Social media and the Internet of Things have made corporate record keeping more complex. Businesses must be prepared to collect data from sources other than their own servers.
It used to be that electronic discovery, or e-discovery, could be conducted entirely within a company’s own servers. Email archives and file directories provided a complete picture of corporate documentation. That’s no longer true. Corporate communications are supplemented, or even dominated, by social media, text messaging, connected devices (i.e., the Internet of Things, or IoT), and more, making record keeping much more complex. Businesses must consider and plan for the inevitable requirement to collect electronically stored information from disparate data sources.
In particular, data retention policies can no longer ignore social media sites and the potentially relevant information they hold.
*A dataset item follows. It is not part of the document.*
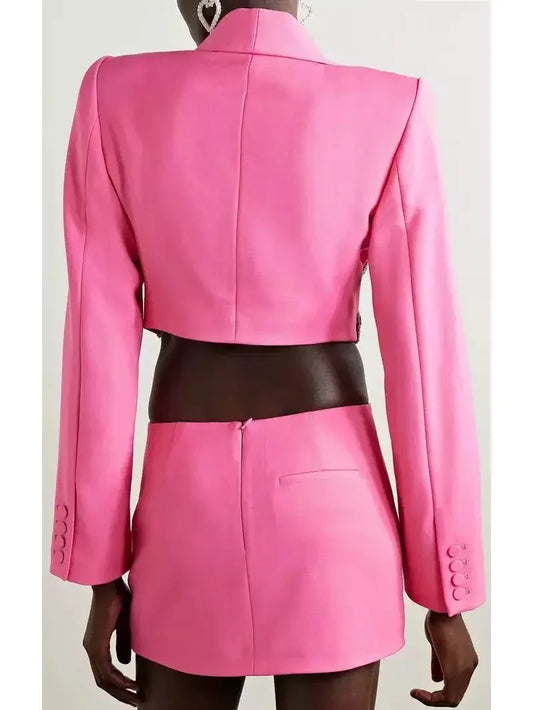 Butterfly-Embroidered Cropped Blazer and Mini Skirt Set in Pink - Suits & Sets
In case after case, the courts have upheld the need to not only consider but in fact review and produce data from sources such as Facebook, Twitter, and LinkedIn. The issue is no longer whether social media should be collected but how it can be collected.
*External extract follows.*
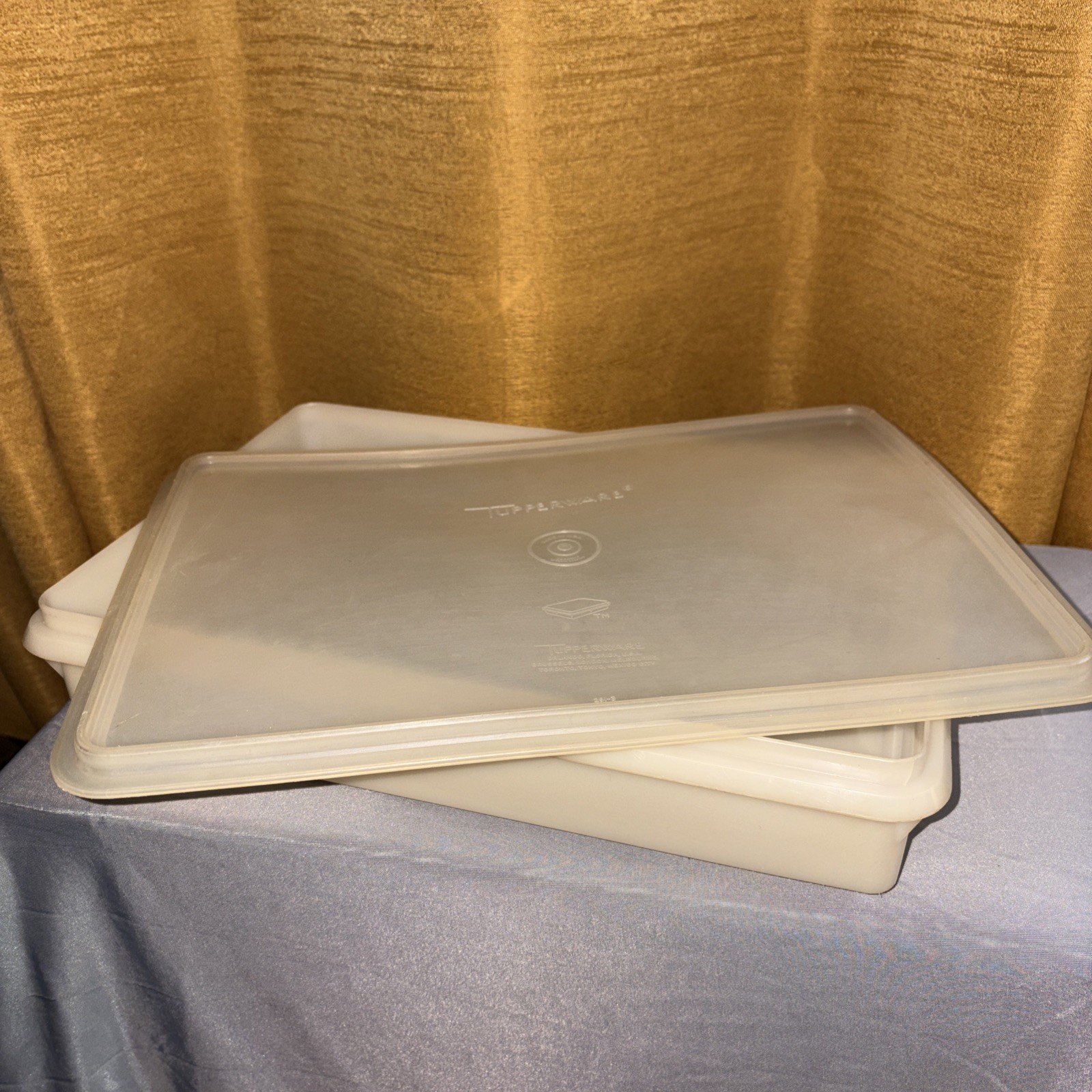 Vintage Tupperware Cold Cut Jello Cake Keeper 13″X 9″ Lid Storage Pan Rectangle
It’s important to remember that the standard for discovery of social media is the same as the standard for discovery of any other digital media record under the Federal Rules of Civil Procedure. More often than not, data collected from social media include verifiable metadata and text, and despite what you may think, the data are reasonably accessible. In fact, many social media sites provide application programming interfaces (APIs) that interact with the social media source to capture data. These tools are essential during the collection and extraction process.